The Chicago Fed publishes a nifty monthly index that is a snapshot of national economic activity. It’s called the CFNAI and for May the index moved slightly lower compared to April. Industrial and manufacturing production moved higher, but employment, consumption and housing were lower. The three-month trend is still positive and above its historical trend, yet there are many dark economic clouds swirling around in the U.S. and abroad.
What does this mean to you and me? My take is that we are still in the midst of a long, slow climb out of the Great Recession and it’s likely to go on longer than most of us realize. Bill Gross, the bond guru from PIMCO, was quoted recently as saying he believes we’re facing investment returns in the 5% range for the next 10 years.
If that’s the case, then you may need to revisit your long range saving assumptions and adjust accordingly. For example, if your projection for college savings assumed 7% college cost inflation and 10% earnings, you may need to save more or expect junior to pay more for his own college costs.

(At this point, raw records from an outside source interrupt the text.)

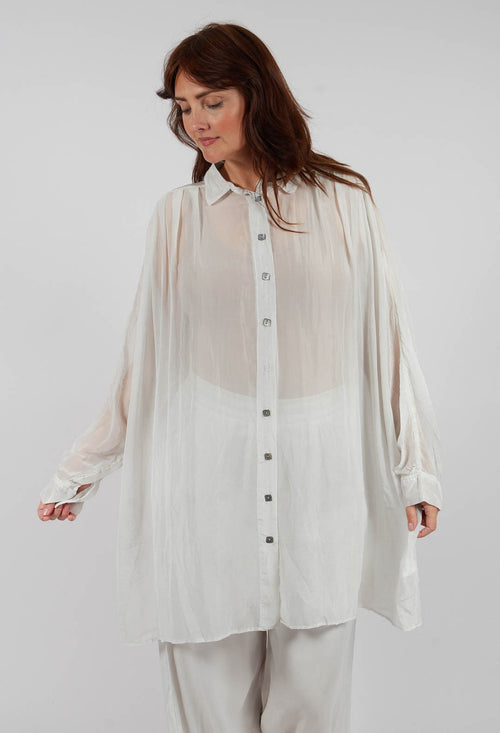 Sheer Collared Longline Shirt in Ice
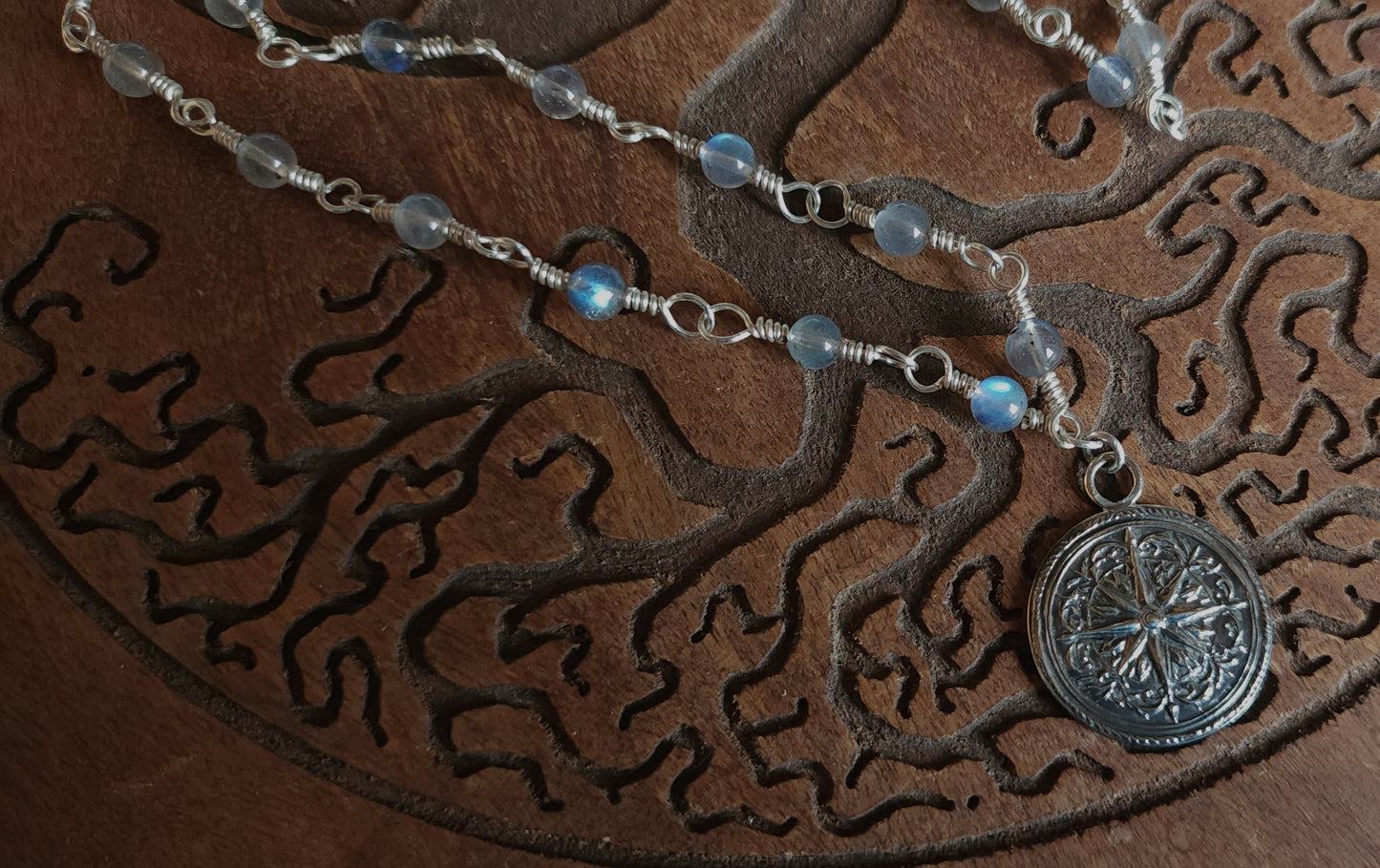Sterling Silver & Labradorite Compass Rose Necklace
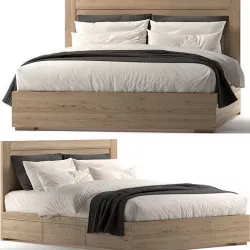 Modern double wooden bed 3D model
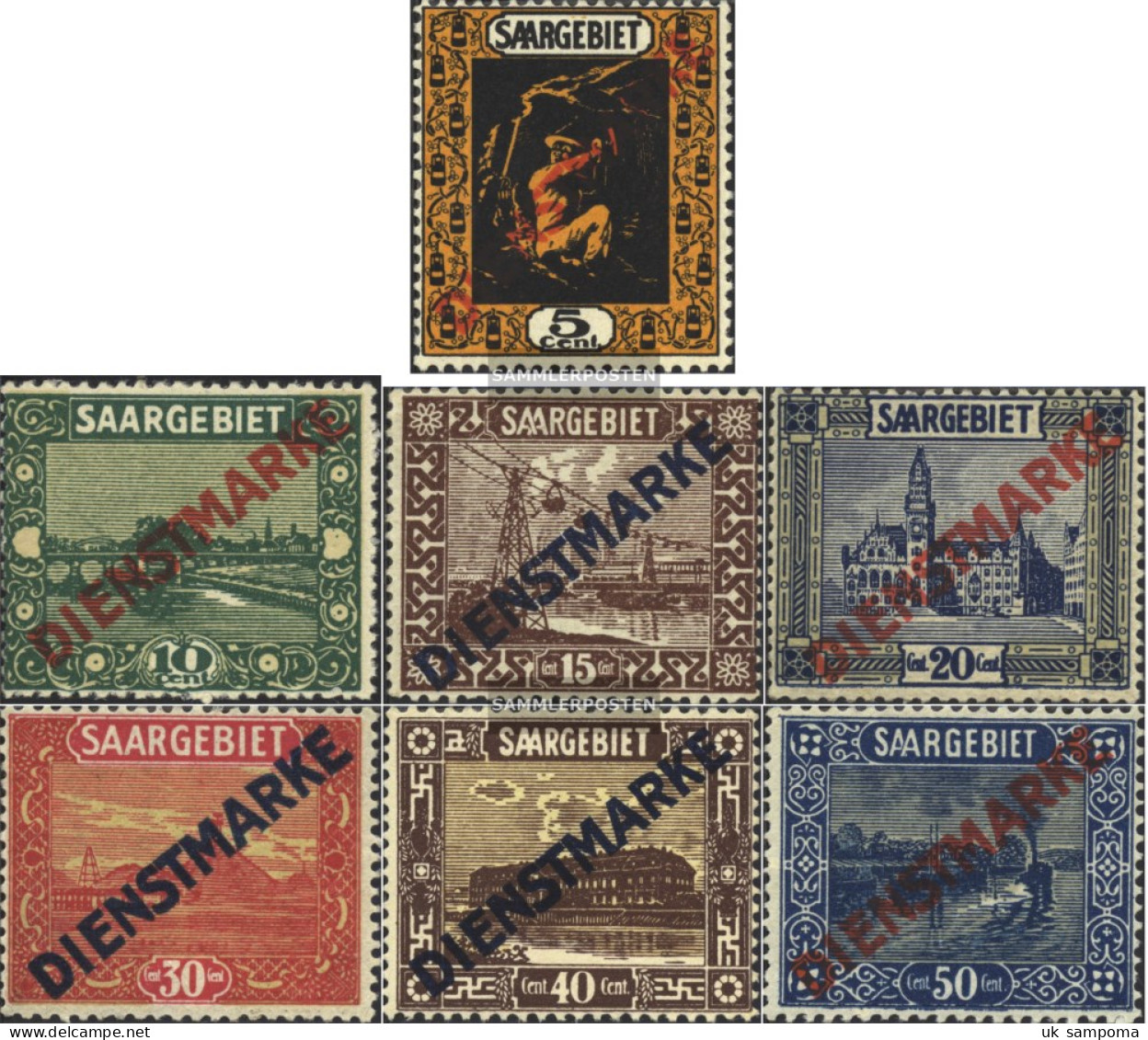 Saar D2-D5,D7-D9 With Hinge 1922 Landscapes - Unused Stamps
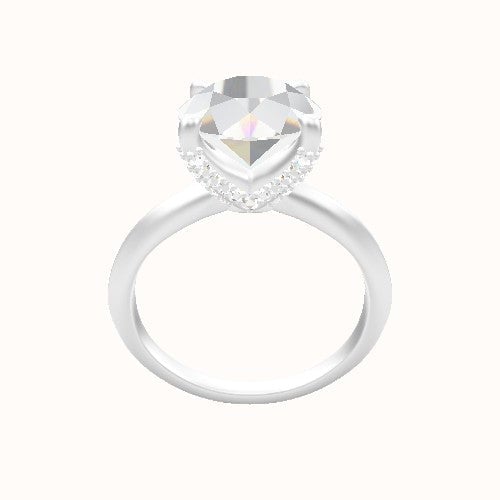 Knife Edge Engagement Ring With Double Pave V Prong Head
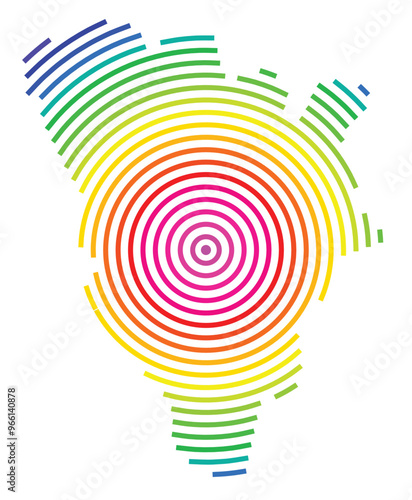 Symbol Map of the Departement Yvelines (France) showing the territory with concentric circles in rainbow colors like a shooting target
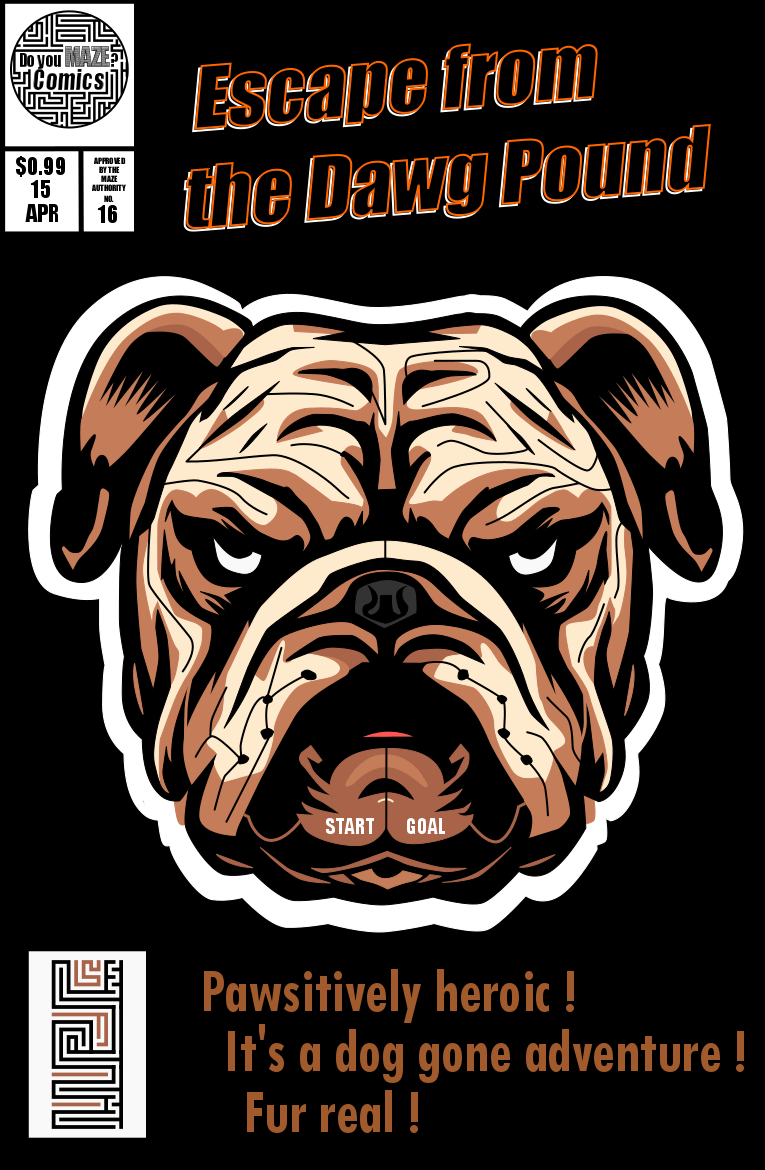 Escape from the Dawg Pound comic book maze cover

Similarly, if your retirement income goals require you to earn 8% on your pre-retirement investments, you may need to save more, work longer, live on less in retirement or some combination of these.
In sum, now at the mid-year point is a good time to review your financial planning assumptions and adjust if necessary. Financial planning is not a one-time effort; rather, it requires regular monitoring and making adjustments if long term trends require it.